Liquidity and Capital Resources
The Company's primary ongoing short-term capital requirements
have been to fund an increase in inventory and to fund capital
expenditures and working capital (mostly inventory) for new and
acquired stores. The Company's long-term liquidity requirements
relate principally to the maturity of its long-term debt in July of
2000, operating lease commitments and store expansion. The
Company's primary sources of liquidity have been funds provided
from operations, a gold consignment program, bank borrowings and a
public offering of common stock that was completed in June 1997.
The Company had working capital of $44.3 million and $40.6 million
at the end of fiscal 1998 and fiscal 1997, respectively. See "--
Seasonality."
Net cash provided by operating activities was $14.9 million in
fiscal 1998 versus $460,000 in fiscal 1997. Net cash provided by
operating activities in fiscal 1998 and fiscal 1997 primarily
reflects net earnings plus depreciation, partially offset by
increases in working capital requirements, including increases in
inventory to support new and acquired store growth.
Net cash used in investing activities was $17.0 million and
$17.1 million in fiscal 1998 and fiscal 1997, respectively. These
amounts reflect $9.1 million and $9.7 million of capital
expenditures related to new and acquired stores in fiscal 1998 and
fiscal 1997, respectively. Additionally, in fiscal 1998, the
Company paid $7.8 million for the acquisition of 43 locations from
Silver & Gold. In fiscal 1997, the Company paid $8.0 million for
the acquisition of 93 locations.
Net cash provided by financing activities was $721,000 in
fiscal 1998 and $18.9 million in fiscal 1997. These changes in net
cash provided by financing activities over the last two fiscal
years primarily reflect the Company's expansion and acquisition
activity during those periods. During fiscal 1997, cash provided by
financing activities primarily reflects an increase in the
Company's revolving line of credit. This increase was used to fund
store expansion, acquisitions and an increase in inventory to
provide merchandise for anticipated store openings and
acquisitions. Net cash provided by financing activities in fiscal
1998 reflects the proceeds of an offering of common stock completed
in July 1997, partially offset by a repayment of funds previously
borrowed under the Company's revolving line of credit.
The Company currently has an unsecured revolving line of
credit facility, which expires July 31, 2000, that provides for
maximum borrowings of $80 million through a combination of cash
advances (which may not exceed $50 million) and letters of credit
(which may not exceed $55 million) to support the Company's gold
consignment financing program.

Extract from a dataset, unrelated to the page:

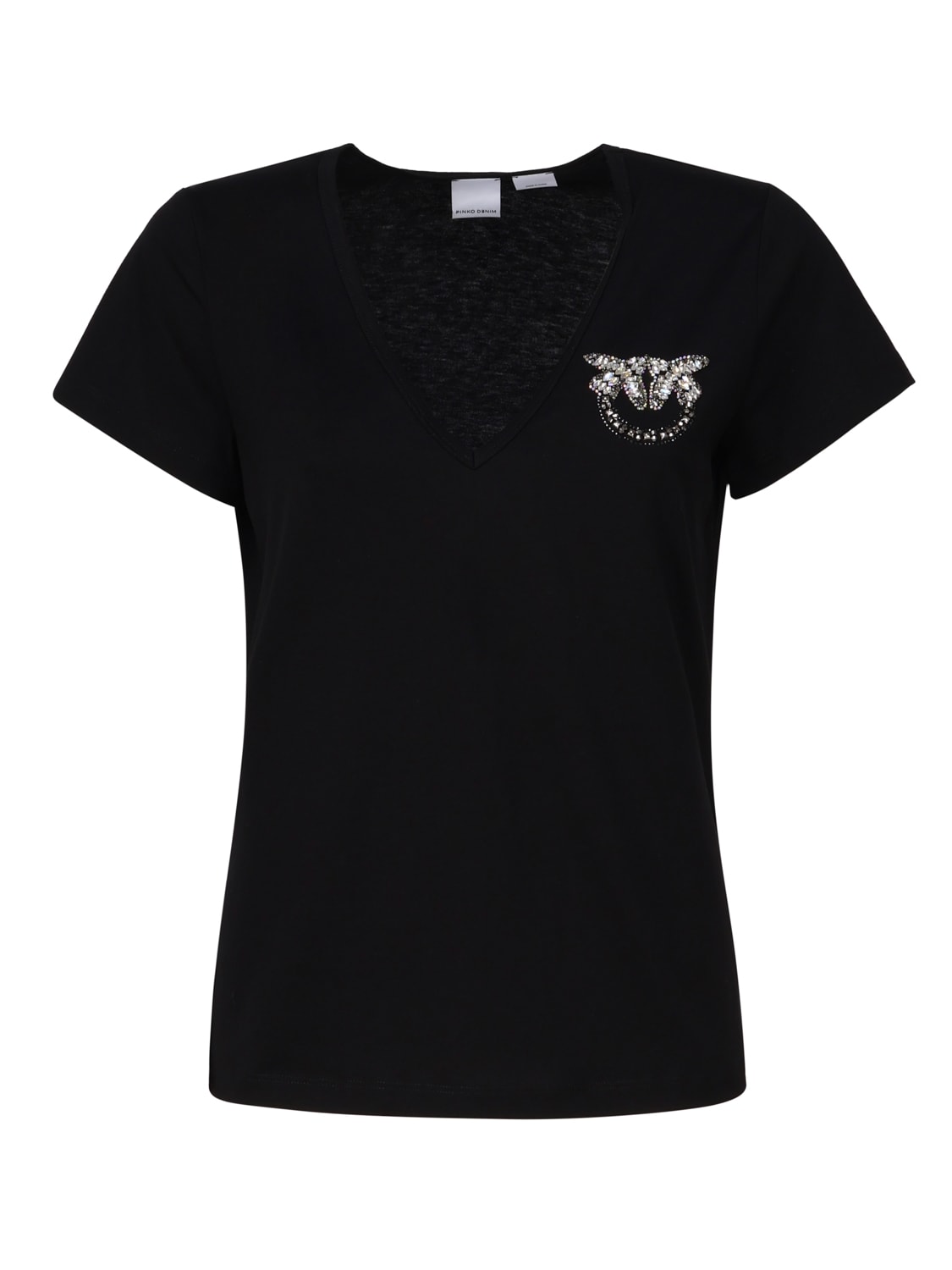 Shop Pinko V-neck T-shirt With Logo In Black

Amounts borrowed under the facility
generally accrue interest at the higher of (i) the prime rate of
the Company's primary
21
<PAGE>
lender minus 100 basis points (7.5% at March 31, 1998) or (ii) a
rate based on overnight federal funds transactions with Federal
Reserve System members plus 50 basis points (6.5% at March 31,
1998); however, the Company may elect to have all or any portion of
the outstanding balance under the facility accrue interest at a
rate based on one, two, three or six month LIBOR plus 110 basis
points (6.79% at March 31, 1998 for a one month maturity), subject
to certain restrictions. Fees are paid on letters of credit based
on amounts outstanding at an annual rate of 0.75%. At March 31,
1998, the Company had $35.3 million available for cash borrowings
under this revolving credit facility. Letters of credit in the
amounts of approximately $37.2 million and approximately $31.8
million were issued at March 31, 1998 and 1997, respectively.
The loan agreement contains various covenants which, among
other things, limit certain corporate acts of the Company such as
mergers and acquisitions; require the Company to maintain minimum
ratios of indebtedness to adjusted net income (as defined), current
assets to current liabilities and indebtedness to capitalization
(as defined); place limitations on the Company's ability to incur
additional debt or grant security interests in its assets; and
restrict the redemption, purchase or retirement of its capital
stock.
The Company utilizes gold consignment arrangements that allow
the Company to finance its gold merchandise at rates which are less
than its traditional bank borrowing rates. Under the consignment
arrangements, the Company generally sells to a consignor the gold
content of the merchandise that it owns and simultaneously has the
gold consigned back to the Company. The jewelry containing the
consigned gold is commingled with the gold jewelry owned by the
Company. The Company's obligation to the consignors is based upon
the price of gold at the time of the sale by the Company of the
consigned gold and, therefore, is subject to fluctuation based on
changes in the market value of gold. If the gold ounces in
merchandise held for sale by the Company is about to be reduced
below the amount of gold consigned, the Company either repurchases
the gold from a consignor or purchases additional gold jewelry from
suppliers to support the amount of consigned gold. In the event the
price of gold at the time of such repurchases or purchases is
greater than the price at the time the gold was originally sold to
the consignor, the Company's gross profit margin will be decreased.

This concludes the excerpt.